## Available data
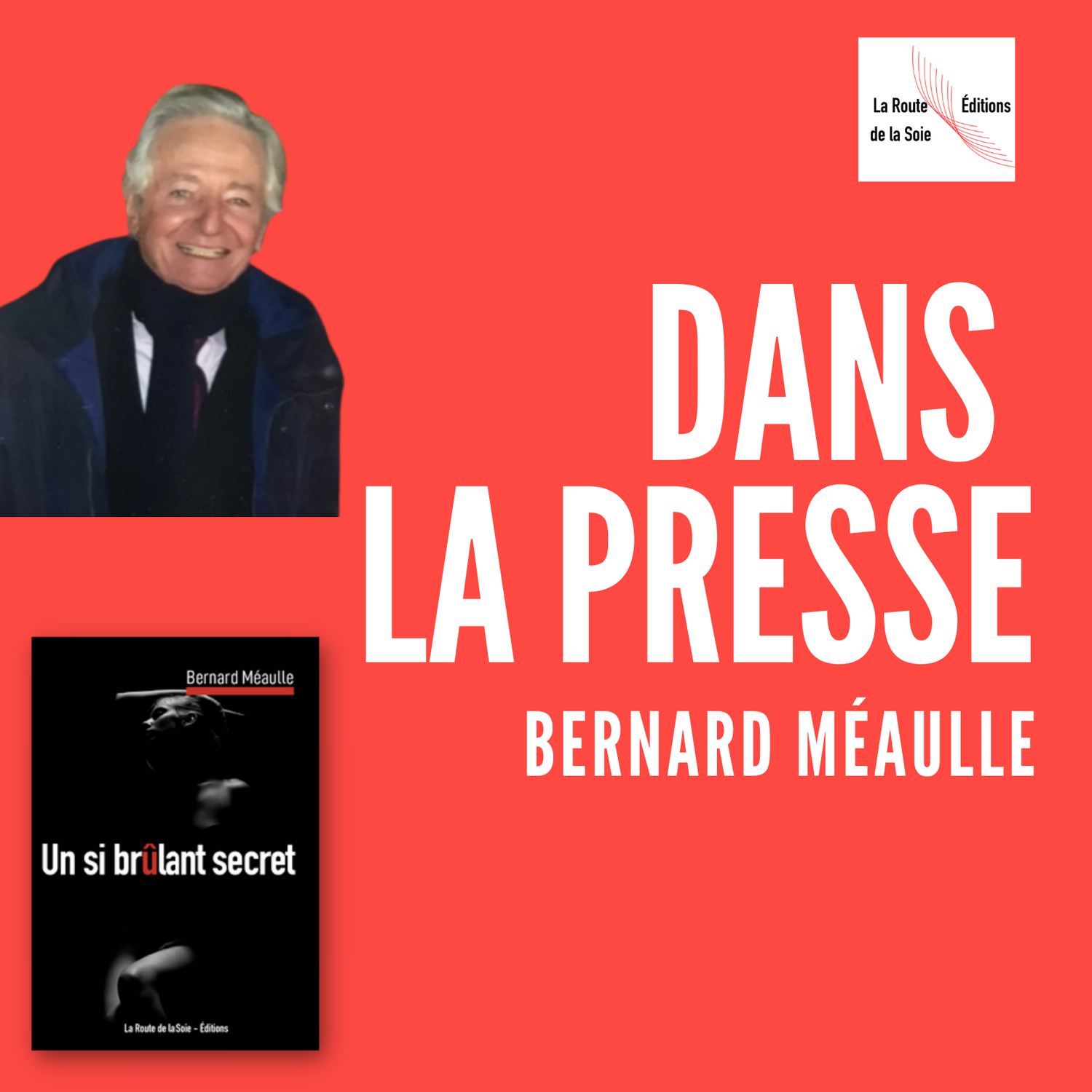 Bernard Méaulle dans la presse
---
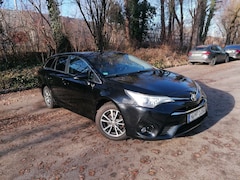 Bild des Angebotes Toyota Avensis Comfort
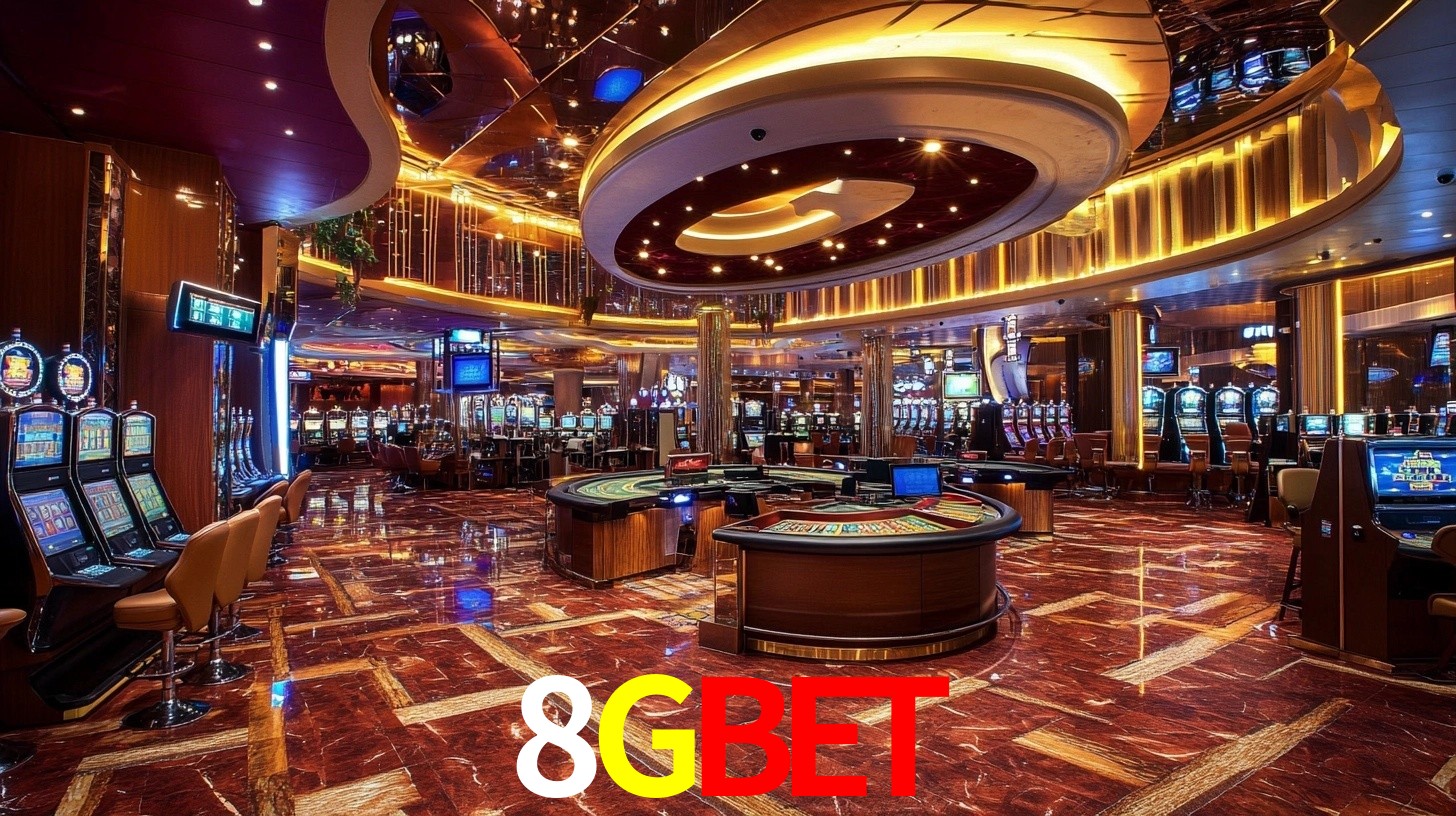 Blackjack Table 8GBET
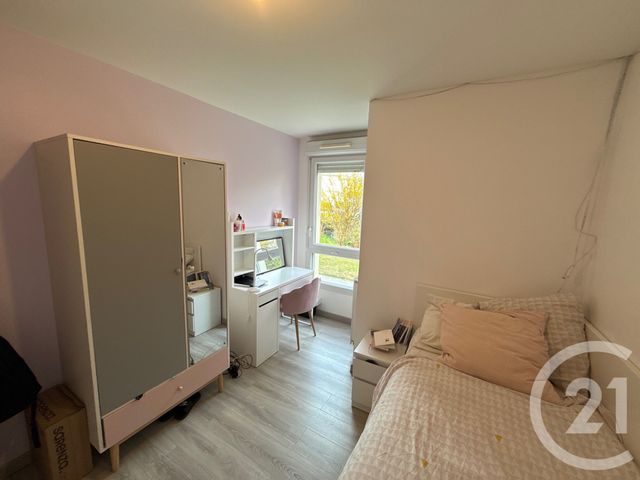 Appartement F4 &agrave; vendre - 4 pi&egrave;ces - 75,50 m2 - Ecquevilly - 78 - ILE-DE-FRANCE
* * *
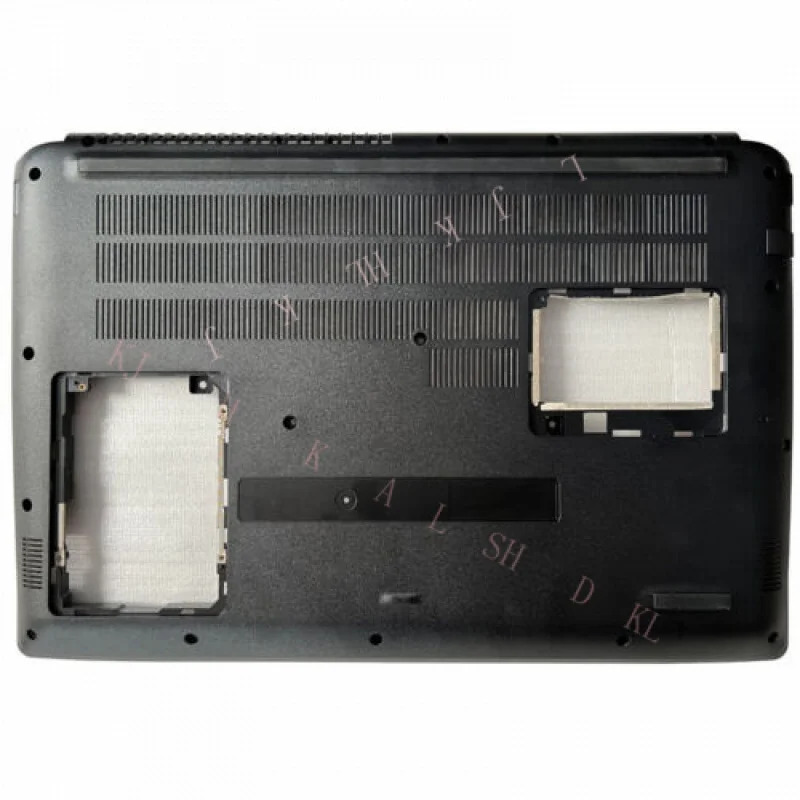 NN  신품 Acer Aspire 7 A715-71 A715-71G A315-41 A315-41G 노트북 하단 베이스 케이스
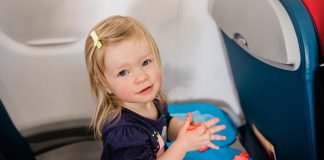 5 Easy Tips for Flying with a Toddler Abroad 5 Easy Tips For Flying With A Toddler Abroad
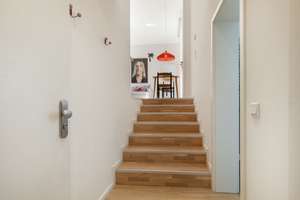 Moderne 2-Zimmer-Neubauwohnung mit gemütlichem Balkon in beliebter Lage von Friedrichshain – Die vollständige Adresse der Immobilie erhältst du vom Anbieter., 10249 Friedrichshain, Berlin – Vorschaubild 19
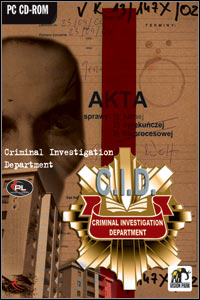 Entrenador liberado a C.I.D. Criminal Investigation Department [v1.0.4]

## Exercise instructions
An exact copy is needed of the entries above, starting at the line that holds "Moderne 2-Zimmer-Neubauwohnung mit" and stopping at the line that holds "Entrenador liberado a", both kept; pictures stay out.

## Answer below
 Moderne 2-Zimmer-Neubauwohnung mit gemütlichem Balkon in beliebter Lage von Friedrichshain – Die vollständige Adresse der Immobilie erhältst du vom Anbieter., 10249 Friedrichshain, Berlin – Vorschaubild 19
 Entrenador liberado a C.I.D. Criminal Investigation Department [v1.0.4]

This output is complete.